Rainouart colored, a little bashful as a gallant lad should be at the high praise of a fair girl, and tried, manlike, to put it by in spite of his wild pleasure at its sound and sense.

"So long as a man be brave, it matters little how he be formed and featured, at least so all men say, but I have heard that some ladies think otherwise." And he smiled shyly at her, hotly glad that she should think well of him, spirit and substance together glad to madness with happiness.

The dryad looked at him gravely. "Are there many mortals like this," she pondered—"so modest, so brave, so fair?" Her heart assured her that this must be the pride and idol of the time.

"Comeliness is a mark of the favor of the gods," she asserted.

Rainouart pressed her hands closely, his spirit rekindling at the exquisite contact, his soul desiring nothing better than this bright hour.

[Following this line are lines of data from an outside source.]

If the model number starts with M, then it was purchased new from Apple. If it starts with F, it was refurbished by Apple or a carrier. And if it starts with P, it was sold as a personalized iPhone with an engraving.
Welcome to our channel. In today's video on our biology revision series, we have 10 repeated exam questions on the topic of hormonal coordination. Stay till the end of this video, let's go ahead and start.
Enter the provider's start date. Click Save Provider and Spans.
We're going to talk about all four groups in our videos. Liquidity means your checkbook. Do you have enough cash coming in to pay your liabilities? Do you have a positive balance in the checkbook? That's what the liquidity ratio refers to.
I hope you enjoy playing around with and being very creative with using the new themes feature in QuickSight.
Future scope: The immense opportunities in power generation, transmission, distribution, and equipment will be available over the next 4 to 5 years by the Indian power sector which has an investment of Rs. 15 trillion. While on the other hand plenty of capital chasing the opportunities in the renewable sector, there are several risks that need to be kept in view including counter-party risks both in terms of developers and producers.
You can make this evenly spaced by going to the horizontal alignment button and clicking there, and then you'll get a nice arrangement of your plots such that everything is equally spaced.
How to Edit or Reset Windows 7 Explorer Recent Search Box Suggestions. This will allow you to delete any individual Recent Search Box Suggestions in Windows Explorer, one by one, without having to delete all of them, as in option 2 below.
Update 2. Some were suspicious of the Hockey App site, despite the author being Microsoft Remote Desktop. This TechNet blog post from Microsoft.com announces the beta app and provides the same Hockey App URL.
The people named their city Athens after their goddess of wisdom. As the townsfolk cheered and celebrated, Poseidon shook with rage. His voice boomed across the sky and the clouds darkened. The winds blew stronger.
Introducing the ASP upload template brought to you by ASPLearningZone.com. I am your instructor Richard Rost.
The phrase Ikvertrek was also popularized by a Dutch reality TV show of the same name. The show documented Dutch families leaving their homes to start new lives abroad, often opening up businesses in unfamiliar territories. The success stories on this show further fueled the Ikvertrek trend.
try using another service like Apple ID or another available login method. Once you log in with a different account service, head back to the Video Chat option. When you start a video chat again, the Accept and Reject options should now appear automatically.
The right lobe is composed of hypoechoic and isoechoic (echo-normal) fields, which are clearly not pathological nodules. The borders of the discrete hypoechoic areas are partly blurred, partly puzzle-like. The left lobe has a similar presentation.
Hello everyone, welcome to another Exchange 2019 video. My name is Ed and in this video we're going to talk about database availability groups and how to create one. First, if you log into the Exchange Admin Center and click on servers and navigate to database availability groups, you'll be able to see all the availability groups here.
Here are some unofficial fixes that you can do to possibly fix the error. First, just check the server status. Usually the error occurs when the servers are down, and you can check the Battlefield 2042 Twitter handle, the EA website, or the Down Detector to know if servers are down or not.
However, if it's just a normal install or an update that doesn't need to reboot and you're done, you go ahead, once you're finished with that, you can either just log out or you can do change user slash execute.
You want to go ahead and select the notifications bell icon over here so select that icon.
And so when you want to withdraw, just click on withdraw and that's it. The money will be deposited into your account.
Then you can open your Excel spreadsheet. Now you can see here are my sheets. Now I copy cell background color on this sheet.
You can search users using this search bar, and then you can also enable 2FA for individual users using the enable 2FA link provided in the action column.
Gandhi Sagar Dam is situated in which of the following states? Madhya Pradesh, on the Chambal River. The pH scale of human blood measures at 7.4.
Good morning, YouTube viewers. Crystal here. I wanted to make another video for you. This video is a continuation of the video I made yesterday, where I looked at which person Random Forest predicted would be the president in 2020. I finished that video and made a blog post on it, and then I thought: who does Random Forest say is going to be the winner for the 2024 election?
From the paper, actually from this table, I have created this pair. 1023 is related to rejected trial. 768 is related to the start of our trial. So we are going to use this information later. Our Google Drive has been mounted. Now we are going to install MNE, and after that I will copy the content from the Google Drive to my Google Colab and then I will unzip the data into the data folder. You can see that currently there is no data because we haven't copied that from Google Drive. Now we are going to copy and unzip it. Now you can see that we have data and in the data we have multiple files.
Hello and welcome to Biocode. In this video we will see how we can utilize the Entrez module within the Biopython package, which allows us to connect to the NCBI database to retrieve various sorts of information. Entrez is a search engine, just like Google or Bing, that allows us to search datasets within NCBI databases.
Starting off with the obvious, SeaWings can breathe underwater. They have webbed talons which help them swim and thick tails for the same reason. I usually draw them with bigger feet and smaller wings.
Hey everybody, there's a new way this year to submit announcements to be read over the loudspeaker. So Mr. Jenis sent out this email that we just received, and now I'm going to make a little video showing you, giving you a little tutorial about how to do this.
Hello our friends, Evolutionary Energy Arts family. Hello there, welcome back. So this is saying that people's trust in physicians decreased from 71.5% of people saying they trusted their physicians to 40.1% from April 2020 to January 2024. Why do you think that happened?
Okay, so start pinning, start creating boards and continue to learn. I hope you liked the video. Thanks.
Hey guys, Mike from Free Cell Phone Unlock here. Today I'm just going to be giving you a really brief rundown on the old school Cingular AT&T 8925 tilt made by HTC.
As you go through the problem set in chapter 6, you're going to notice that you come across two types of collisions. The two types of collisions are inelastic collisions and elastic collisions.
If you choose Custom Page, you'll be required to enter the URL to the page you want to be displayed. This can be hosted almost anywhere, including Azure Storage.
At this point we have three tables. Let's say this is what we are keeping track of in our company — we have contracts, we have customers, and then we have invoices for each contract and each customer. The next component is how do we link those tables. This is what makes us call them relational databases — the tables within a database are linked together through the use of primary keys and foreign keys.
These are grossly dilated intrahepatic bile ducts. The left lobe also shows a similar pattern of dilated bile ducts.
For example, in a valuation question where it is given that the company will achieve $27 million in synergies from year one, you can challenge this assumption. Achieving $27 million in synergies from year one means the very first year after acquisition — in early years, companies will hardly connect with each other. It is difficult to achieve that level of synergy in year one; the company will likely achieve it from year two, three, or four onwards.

Yet he wondered at her words.

"Why do you speak like a pagan?" he asked. "The gods have gone long ago."

The dryad sighed as she thought of the splendid figures riding to the twilight land. Was it yesterday?

"Ay," she sighed, "the gods have gone long ago," and she stared across the moonlit space into the blackness of the wood, and wondered what had happened to her which had changed so strangely the ancient way.

There was a little silence; mortal and immortal troubled with new thoughts. Then Rainouart made to rise. It was strangely sweet to lie there supported by this woman's arms; but Rainouart was a man and a knight, and must not presume on a fair lady's patience. So he got to his knees, and she helped him to his feet with her strength, which could have aided a greater than he; and they stood face to face in the moonlight, mortal boy and immortal girl, and to both alike the moment of mortal immortality had come. The night wind was very quiet, the wood seemed still with a kind of sacred stillness; it was as if the world were asleep and only they awake in all the world. The hearts of youth beat with the mutual pulses of a great passion.